L’emergenza ambientale è stata dapprima oggetto del D.L. 129/2012, che ha dettato norme per gli interventi di riqualificazione e ambientalizzazione e che non è stato modificato nel corso dell'esame parlamentare.
Successivamente, con il decreto-legge 207/2012 è stata disciplinata - in via generale - l'operatività degli stabilimenti industriali di interesse strategico nazionale in crisi consentendo la prosecuzione dell'attività produttiva di tali stabilimenti per determinati periodi di tempo a condizione che vengano adempiute le prescrizioni contenute nel provvedimento di riesame dell’autorizzazione integrata ambientale, "secondo le procedure e i termini ivi indicati, al fine di assicurare la più adeguata tutela dell'ambiente e della salute secondo le migliori tecniche disponibili".
Con specifico riferimento allo stabilimento ILVA di Taranto, l'articolo 3, comma 1, ha specificato che tale impianto costituisce stabilimento di interesse strategico nazionale, mentre il comma 2 ha stabilito che le prescrizioni volte a consentire la prosecuzione dell'attività produttiva dello stabilimento ILVA di Taranto sono quelle contenute nel provvedimento di riesame dell’AIA emanato con D.M. Ambiente 26 ottobre 2012, n. DVA/DEC/2012/0000547.
Sono state, infine, dettate specifiche misure per garantire la continuità produttiva aziendale e la commercializzazione dei prodotti, anche di quelli realizzati antecedentemente alla data di entrata in vigore del medesimo decreto legge.

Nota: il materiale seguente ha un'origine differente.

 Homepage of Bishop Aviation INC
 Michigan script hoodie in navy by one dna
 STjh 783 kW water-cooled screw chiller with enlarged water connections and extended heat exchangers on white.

In relazione al verificarsi di ulteriori emergenze ambientali nel corso della legislatura il Parlamento ha svolto un'attività conoscitiva, di indirizzo e di controllo sull'operato del Governo.
Il 17 marzo 2010 la Commissione ambiente della Camera ha approvato la risoluzione 8-00062 sullo sversamento di sostanze inquinanti nel fiume Lambro, che ha impegnato il Governo, tra l'altro, ad adottare tutte le misure necessarie a ricondurre alle normali condizioni di vita i territori interessati, individuando un'unica autorità per la governance del bacino del fiume Po.

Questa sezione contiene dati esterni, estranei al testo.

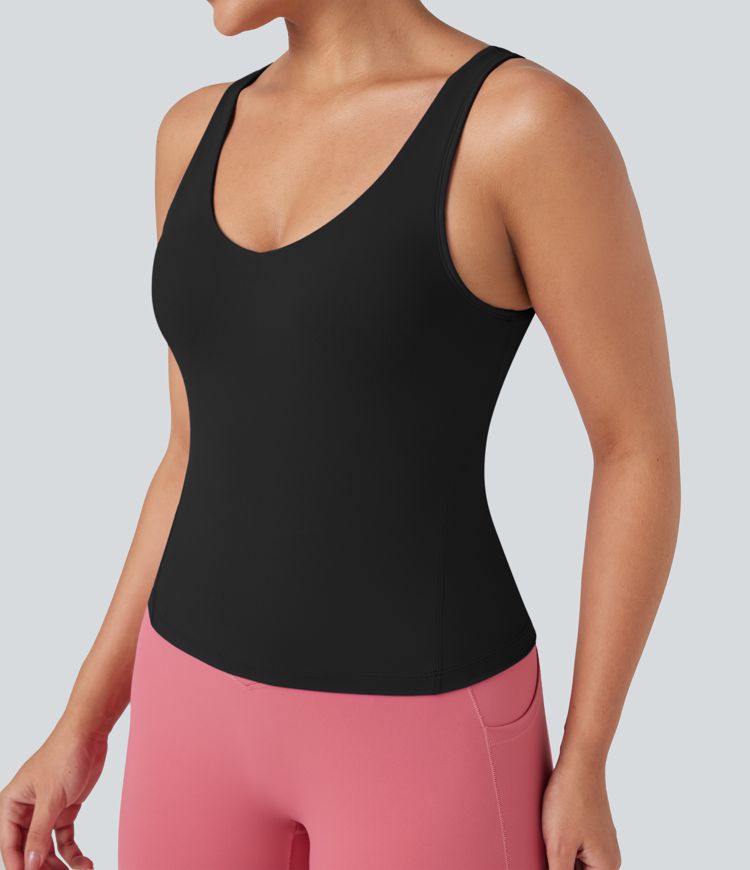 Halara UltraSculpt™ Débardeur de yoga à décolleté en V profond et dos échancré Halara UltraSculpt™ Débardeur de yoga à décolleté en V profond et dos échancré
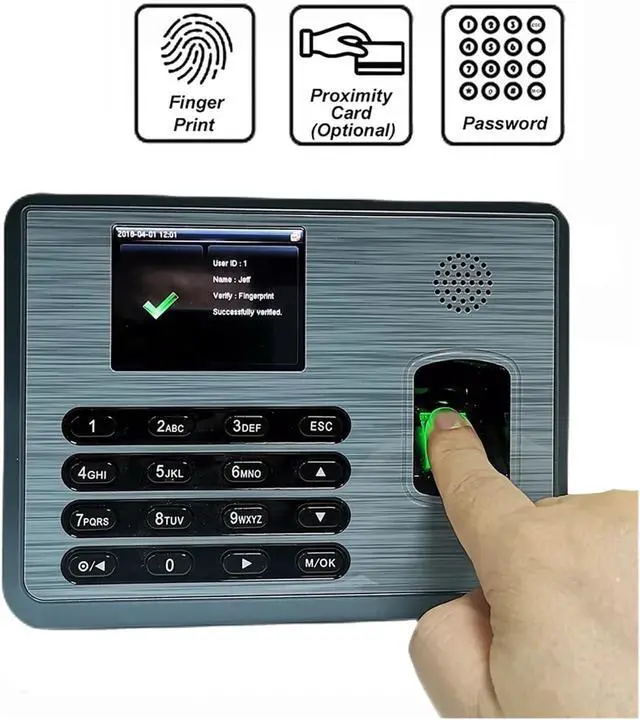 Alt view image 2 of 6 - Biometric Attendance System Fingerprint Employee Control Machine Electronic Biometric Employee Attendance Machine for Small Businesses for Small Businesses,Gray,TX628,IC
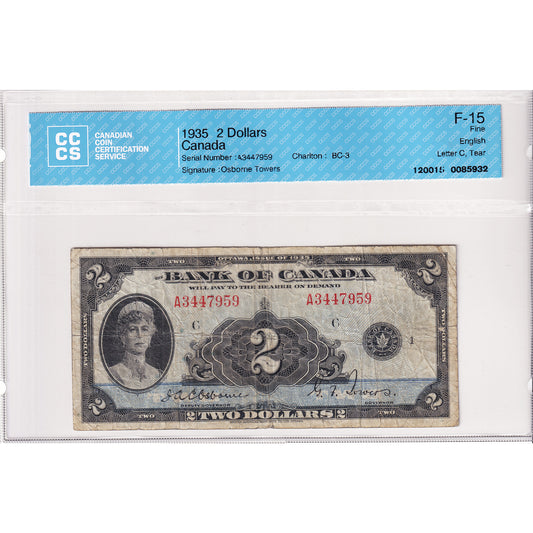 BC-3 1935 Canada $2 Osborne-Towers, English, Letter C, CCCS Cert. F-15 (Tear)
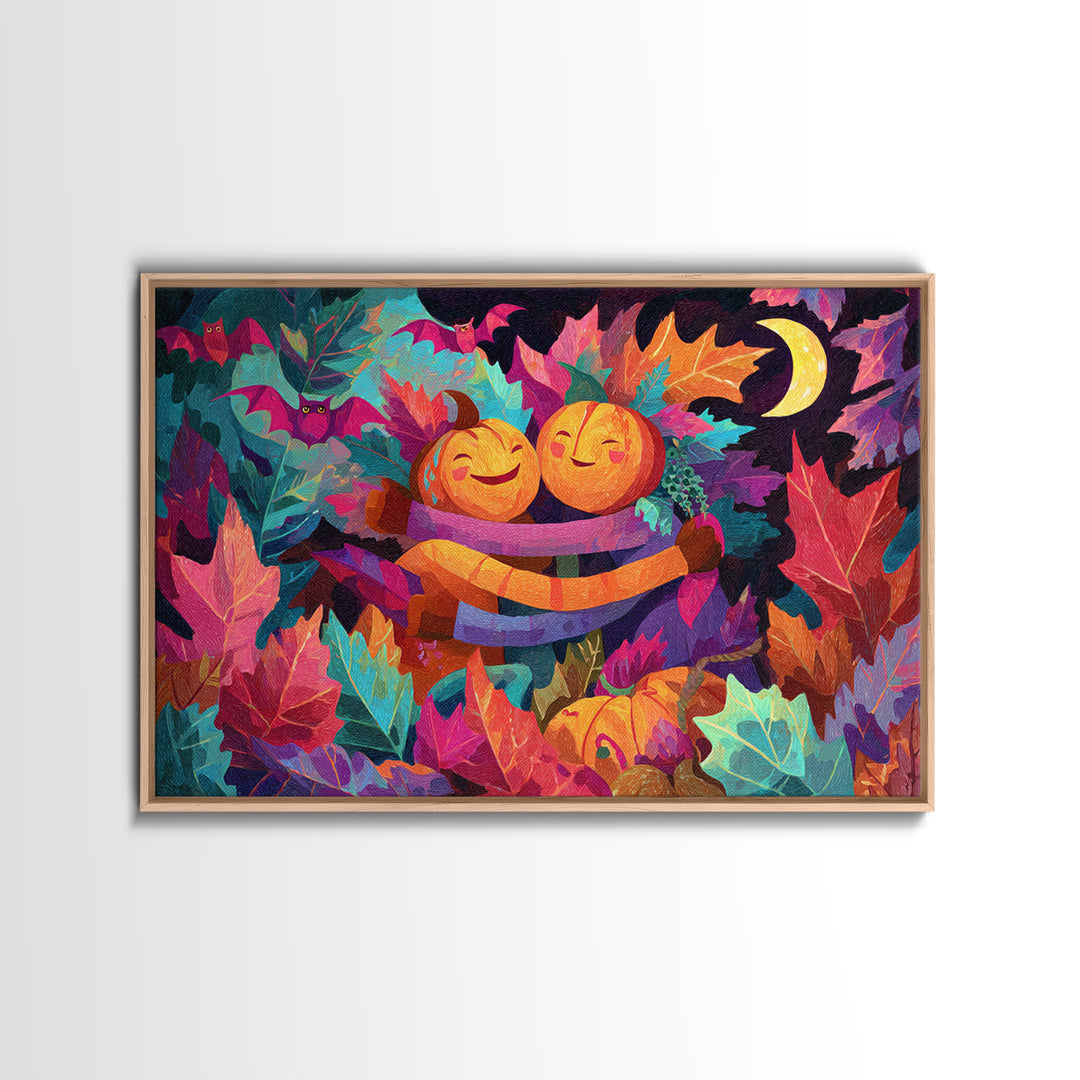 The Dancing Autumn Leaves, Synthwave Halloween Art, Landscape Wall Art, Canvas Print, Retro Halloween Decor, Neon Wall Art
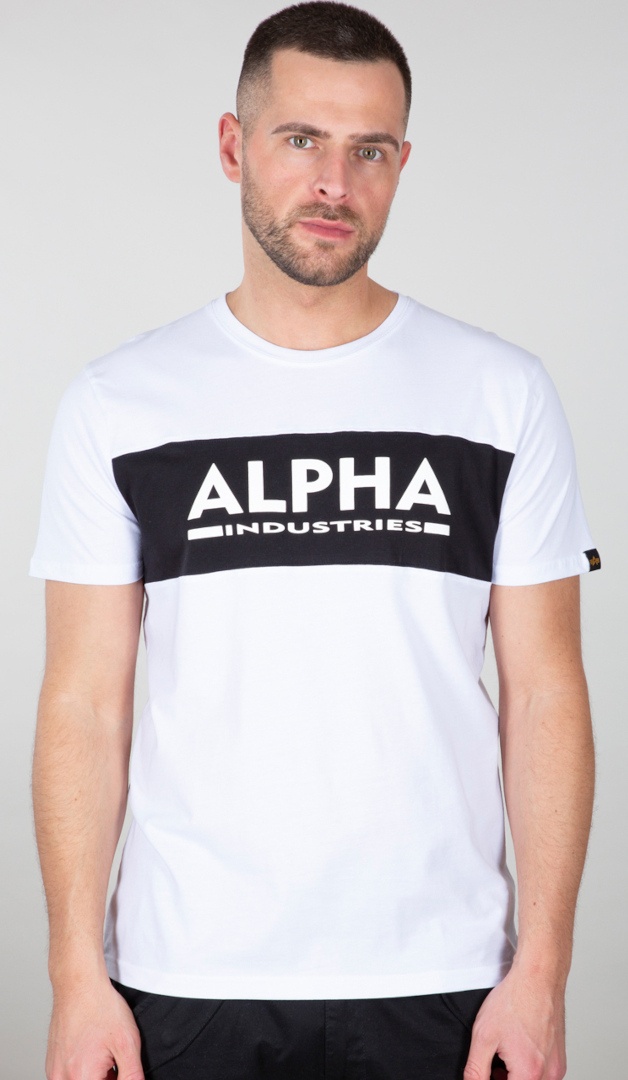 Alpha Industries Alpha Inlay T-shirt, zwart-wit, S Voorman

A seguito di tale incidente, la Commissione, nella seduta dell’8 aprile 2010 , ha approvato l’avvio di un' indagine conoscitiva sullo stato di attuazione delle politiche di prevenzione degli incidenti rilevanti connessi con determinate attività industriali. L'indagine, nel cui ambito è stato svolto un ciclo di audizioni, aveva l'obiettivo di acquisire elementi di informazione e di valutazione in ordine allo stato di attuazione della normativa in materia di vigilanza sull’attività delle industrie ad alto rischio, nonché sulle modalità di controllo e sulle politiche di informazione e consultazione della popolazione e sull’efficacia del sistema sanzionatorio.
Da ultimo, si segnala che l’articolo 2, comma 1, del D.L. 1/2013, in deroga al divieto di proroga o rinnovo di cui all'articolo 3, comma 2, del decreto-legge 15 maggio 2012, n. 59, ha prorogato fino al 31 dicembre 2013 le gestioni commissariali per il superamento di alcune emergenze ambientali, relative rispettivamente: alla messa in sicurezza e alla bonifica delle aree di Giugliano (NA) e dei Laghetti di Castelvolturno (CE); alla situazione di inquinamento determinatasi nello stabilimento Stoppani, sito nel comune di Cogoleto in provincia di Genova; al naufragio della nave Concordia, presso l’Isola del Giglio; all’emergenza idrica nel territorio delle isole Eolie.